Schon nach dem Attentat auf das Westgate-Einkaufszentrum in Nairobi im September 2013 kam es zu Übergriffen der Sicherheitskräfte auf die somalisch-stämmige Bevölkerung.   Zwischen den Kenianern somalischer Abstammung im Osten des Landes und den Christen, die vor allem im Zentrum und Westen leben, besteht ein erhebliches Gefälle im Lebensstandard. Während es im Osten und Norden Kenias kaum geteerte Straßen und keine nennenswerte Industrie gibt, boomt das Zentrum um die Hauptstadt Nairobi. Al-Schababs Taktik sei, einen Keil zwischen die Bevölkerung zu treiben, kommentiert der ehemalige somalische Abgeordnete Mohamed Amin.

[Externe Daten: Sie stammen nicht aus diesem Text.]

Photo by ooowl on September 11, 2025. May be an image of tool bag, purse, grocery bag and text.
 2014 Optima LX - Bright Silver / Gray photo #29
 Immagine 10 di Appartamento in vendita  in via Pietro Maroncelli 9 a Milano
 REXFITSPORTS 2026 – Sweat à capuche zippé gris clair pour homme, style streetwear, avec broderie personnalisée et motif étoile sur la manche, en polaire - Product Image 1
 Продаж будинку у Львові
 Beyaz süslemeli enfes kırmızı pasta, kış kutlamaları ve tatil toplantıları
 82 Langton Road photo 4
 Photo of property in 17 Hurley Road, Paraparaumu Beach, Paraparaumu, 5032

In weiten Teilen des Landes fanden christliche Gottesdienste am Ostersonntag nur unter Polizeischutz statt. Nairobis anglikanischer Erzbischof Eliud Wabukala rief die Kenianer zur Einheit auf. Auch Kenias muslimischer Führer suchte den religiösen Spannungen entgegenzuwirken: Al-Schabab wolle einen Religionskrieg vom Zaun brechen, sagte Hassan Ole Naado: „Alleine deshalb müssen wir zusammenstehen.“ Bei ihrem Angriff hatten die Terroristen muslimische von christlichen Studenten getrennt: Während sie Erstere laufen ließen, erschossen sie die Christen.